Addenda to previous post.

Every time I write up notes based on my reading, something else lingers in the back of my mind that seems especially significant a day or two later. Here’s a couple from the Heinlein essay in THE SCIENCE FICTION NOVEL.

On page 19, he mentions among his examples of fantasy, “any story based on violation of scientific fact, such as space ship stories which ignore ballistics…” Star Wars, anyone? What would Heinlein think?

On a similar note, p29, he cautions that a writer of speculative fiction needs to keep himself informed.

It is not enough to interlard an old plot with terms like “space warp,” “matter transmitter,” “ray gun,” or “rocket ship” with no knowledge of what is meant (if anything) by such terms, or how they might reasonably work.

This was perhaps a fair statement in 1957 — yet, on what bases did anyone in 1957 think a space warp or matter transmitter might work?

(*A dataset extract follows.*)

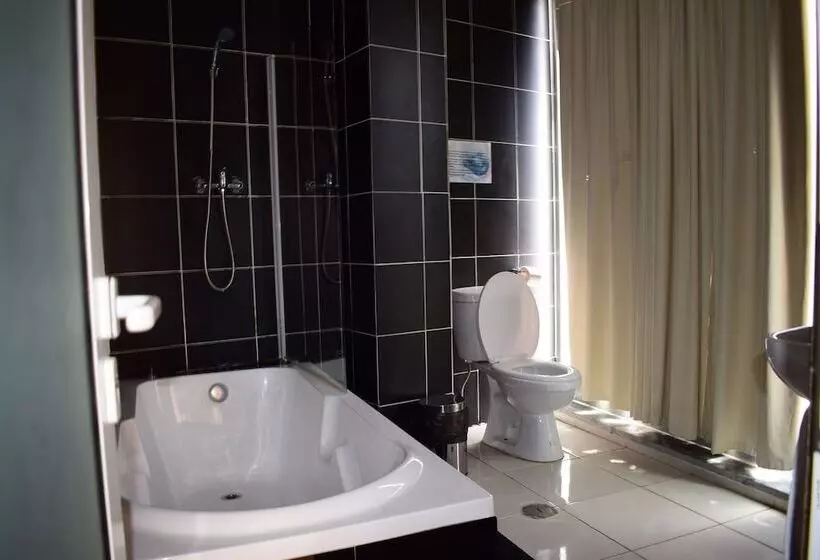 هتل Cachoeira Tarrafal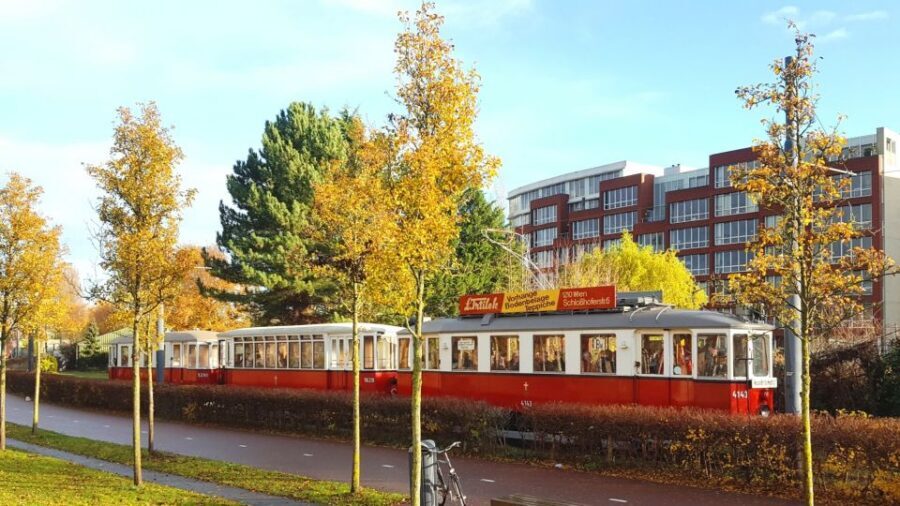 Amsterdam: Historic Tram Ride on Heritage Line to Amstelveen - Starting at Haarlemmermeerstation: Tramshop exchange to the first ride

Star Trek, anyone, only a decade later?

But the true point is that, here in 2017, we are surrounded by technology which virtually no one knows, except for the technicians who built individual items, how they work. This is another theme I’ve been teasing: in a sense we live in a world of magic. In Heinlein’s era, technical guys tinkered on their cars, or on radio transmitters, and might plausibly have repaired their TVs. Today? No way. Everything has gotten too complex. Technical guys tinker with apps, or play video games, but how many of them can fix their own cars?

A consequence of this is that all science fiction, especially the popular enterntainment SF Heinlein thought would never happen, depend on technological tropes, assumptions of technological devices that may or may not every appear, and no one pretends to understand how they might actually work.

On the other hand… we do see occasionally speculative physics developments that tease at the plausibility of matter transmitters and space warps. I’m not able to judge whether or not these are merely wishful thinking… based on reading and watching the science fiction of decades ago.